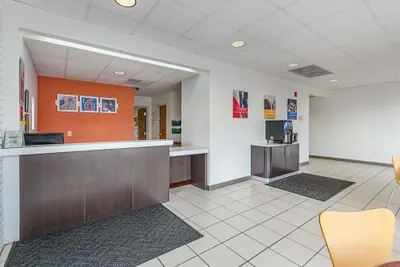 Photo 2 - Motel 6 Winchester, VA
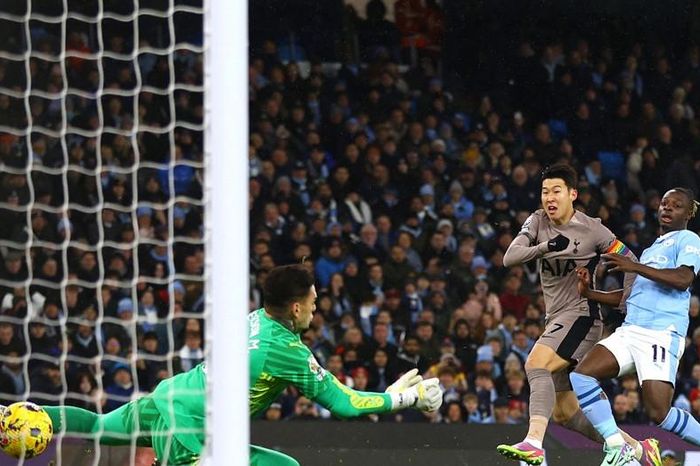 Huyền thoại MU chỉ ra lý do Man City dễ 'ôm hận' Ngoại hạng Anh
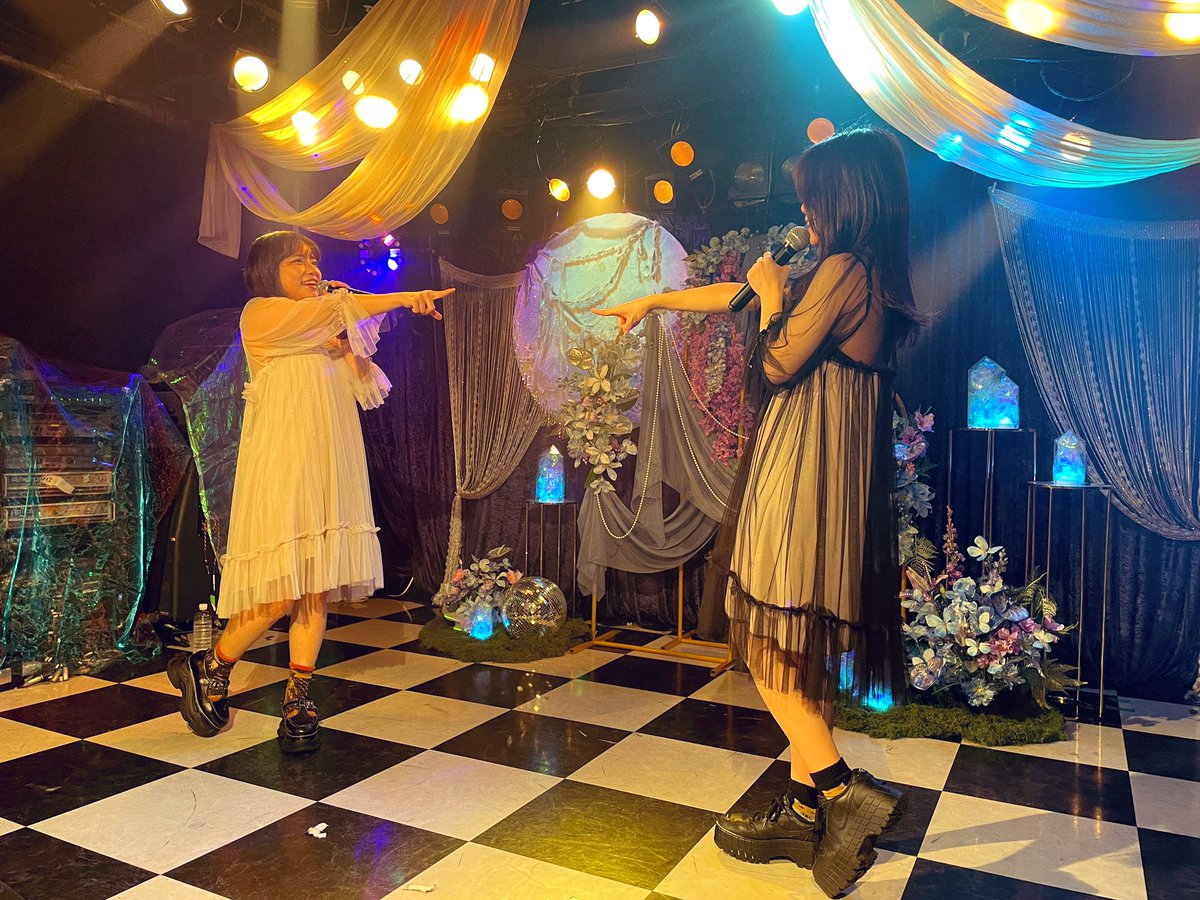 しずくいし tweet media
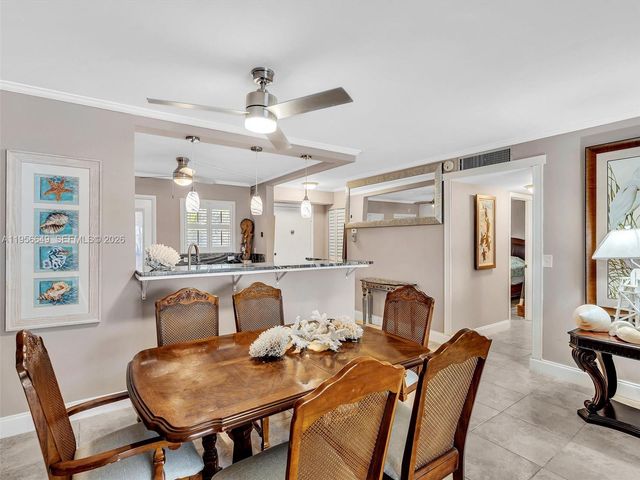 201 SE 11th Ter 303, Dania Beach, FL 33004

-------------------------

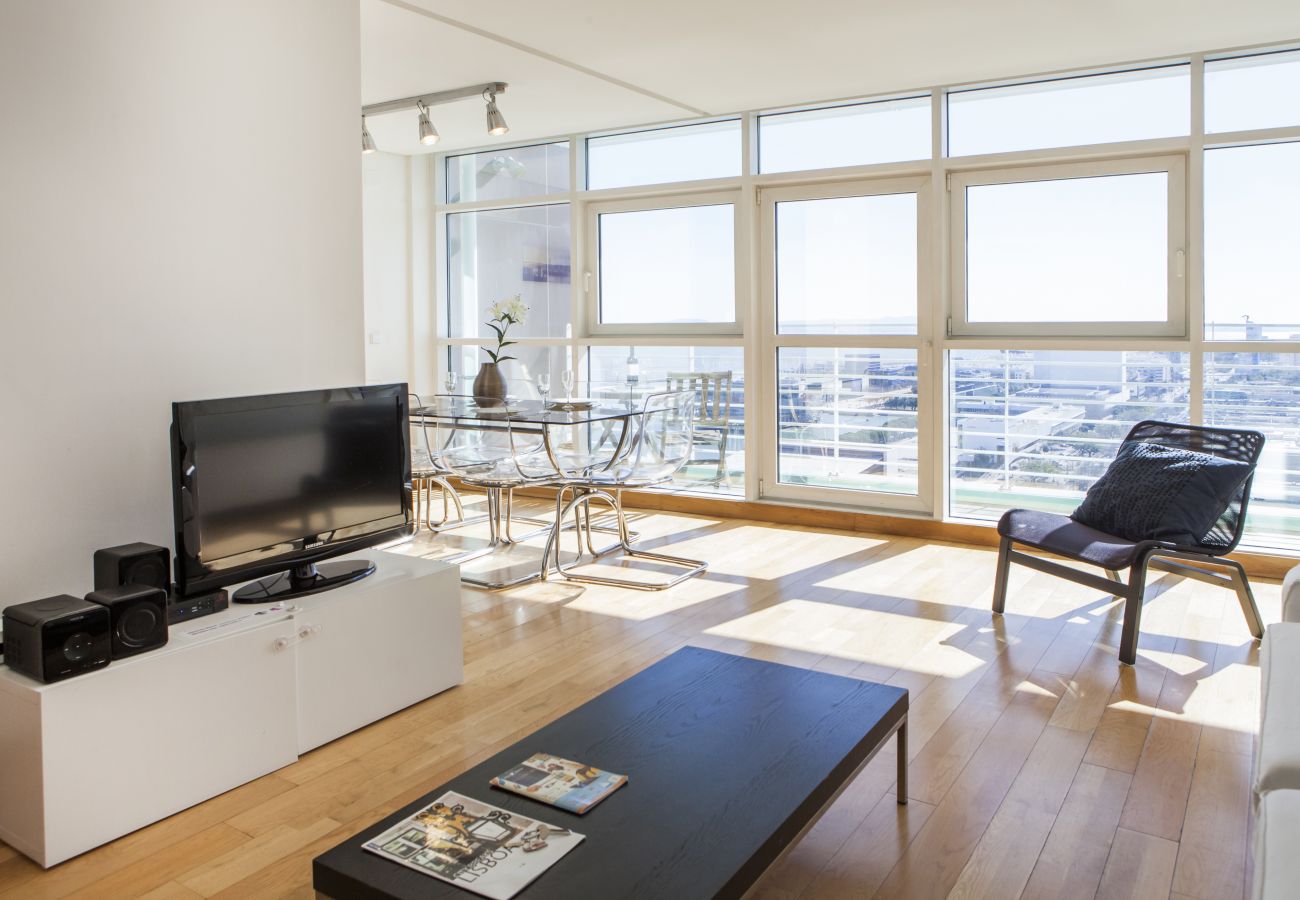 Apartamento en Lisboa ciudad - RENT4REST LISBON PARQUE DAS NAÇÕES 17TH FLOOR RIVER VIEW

-------------------------

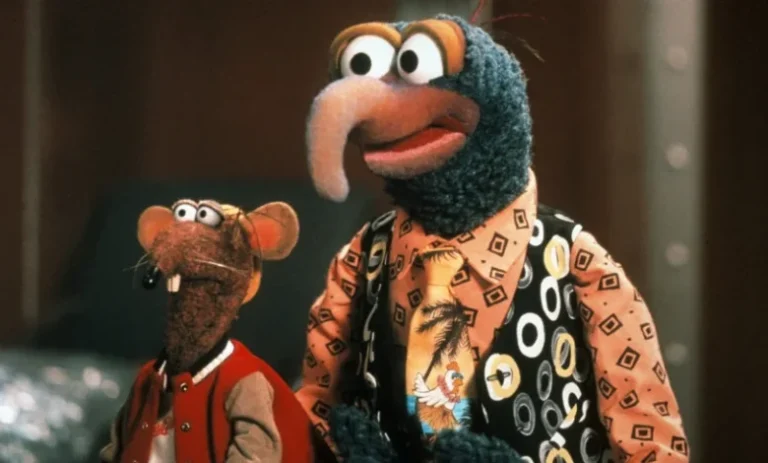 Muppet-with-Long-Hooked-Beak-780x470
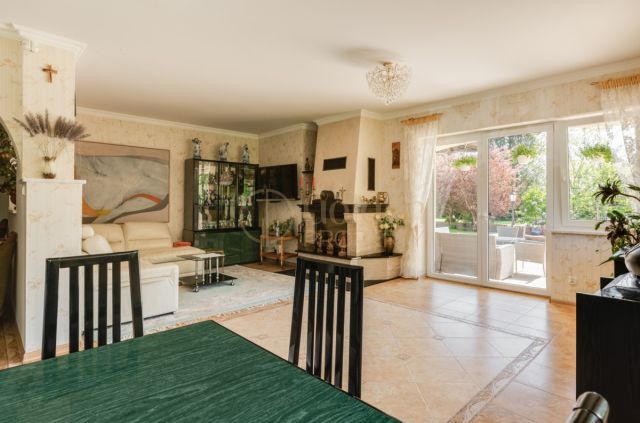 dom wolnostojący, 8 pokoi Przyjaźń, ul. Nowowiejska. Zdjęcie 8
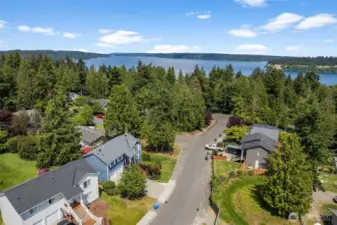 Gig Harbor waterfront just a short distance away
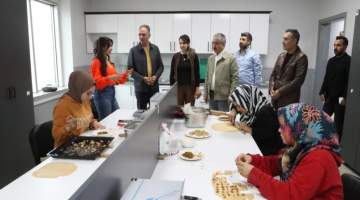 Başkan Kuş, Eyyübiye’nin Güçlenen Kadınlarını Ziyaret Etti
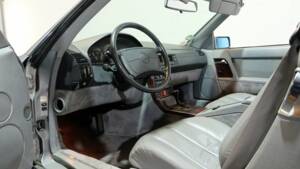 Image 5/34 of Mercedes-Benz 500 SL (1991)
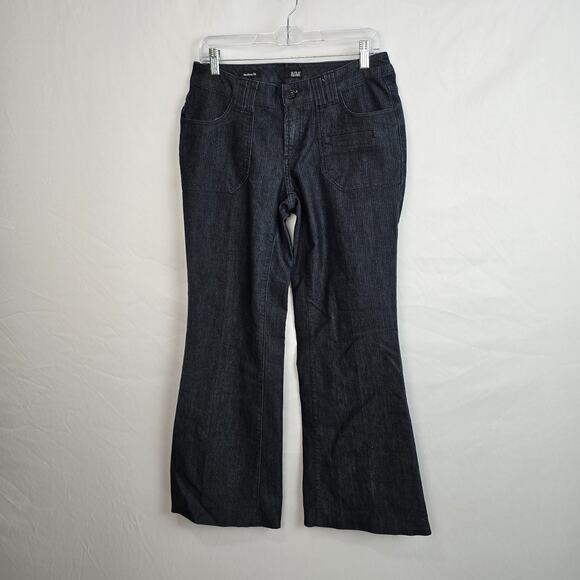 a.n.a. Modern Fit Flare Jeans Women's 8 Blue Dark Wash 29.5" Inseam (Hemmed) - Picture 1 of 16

-------------------------

Activity:
Find the line with "Başkan Kuş, Eyyübiye’nin" and the line with "a.n.a. Modern Fit" in the records above. Copy both and all lines between them exactly, without pictures.

Response below:
 Başkan Kuş, Eyyübiye’nin Güçlenen Kadınlarını Ziyaret Etti
 Image 5/34 of Mercedes-Benz 500 SL (1991)
 a.n.a. Modern Fit Flare Jeans Women's 8 Blue Dark Wash 29.5" Inseam (Hemmed) - Picture 1 of 16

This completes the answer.